Abstract
Background and objectives
Some microorganisms, mainly members of two genera including Pseudomonas and Mycobacterium, were found to be capable of transforming and degrading of polluting agents. We herein report the isolation of a few mycobacteria with the ability to biodegrade organic and inorganic compounds from water supplies of Iranian hospitals.
Materials and methods
The water samples were collected from hospital water supplies. Isolation processes were done according to standard methods. The colonies were subcultured on Löwenstein-Jensen medium to obtain a pure culture. The identification and characterization of the isolates were based on conventional and molecular methods including direct sequence analysis of almost full length of 16S rRNA gene.
Results
The almost complete 16S rRNA gene sequences of the studied strains revealed that the isolates WP16, AW18-1 and AW18-3 were identified as M. fredriksbergense, AW18-2 as M. austroafricanum, AW27-2 as M. obuenseand AW27-6 as M. phocaicum.The relationship between our isolates and standard strains of Mycobacterium was supported by a phylogenetic tree of 16S rRNA gene.
Conclusion
In the current study we were able to isolate and characterize six mycobacteria with capability of transforming and degrading polluting agents from Iranian hospital environments. This is indeed the first report on isolation and characterization of mycobacteria with degrading capability of polluting agents from Iranian hospitals. It can be considered as a pioneer study to open up a new horizon in the study of microbial diversity in Iran with an objective-based and applied approach to tackle environmental challenges.

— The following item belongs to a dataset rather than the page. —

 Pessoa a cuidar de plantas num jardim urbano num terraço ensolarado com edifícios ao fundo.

Keywords: Biodegradation, Mycobacterium, 16SrRNA gene, water supply
INTRODUCTION
Biodegradation is a natural process by which microorganisms break down organic chemicals to simpler substances (1). Non degradable compounds are often present in environment from industries such as pesticides, oil refining, coal gasification, dye and petrochemicals, pharmaceutical and resin manufacturing plants. The ability of a number of microorganisms to degrade a vast array of pollutants that have previously been considered non degradable has therefore been studied to provide efficient strains for biodegradation processes (2). Many isolated bacterial and fungal species, mainly members of two genera including Pseudomonas and Mycobacterium have been reported to be capable of transforming and biodegrading effectively polluting agents (3, 4).

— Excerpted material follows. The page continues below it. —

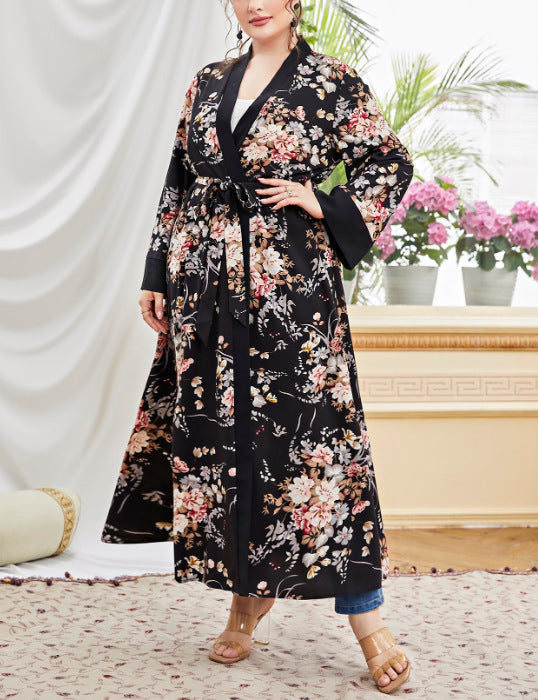 Plus Size Cardigan Coat Color Printing Artistic Long Sleeve Elegant Chiffon Women - Wild Amber Fashion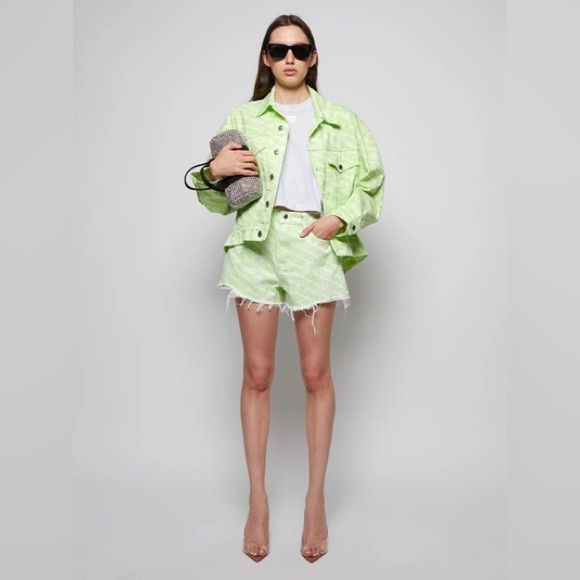 NWT Alexander Wang Falling Back logo-print Denim Jacket Sunbleach Lime Green XXS - Picture 1 of 17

Biodegradation requires specified microorganisms and operation conditions to accelerate the natural biodegradation rates by overcoming limiting factors. For example, the biodegradation of polluted cold fields requires cold-adapted microorganisms (5, 6). Degradation of organic compounds in the natural environments is often the result of a community-interacting microbial population. Therefore, a synergistic effect is expected in the biodegradation by simultaneous use of mixed biodegradable bacteria (7).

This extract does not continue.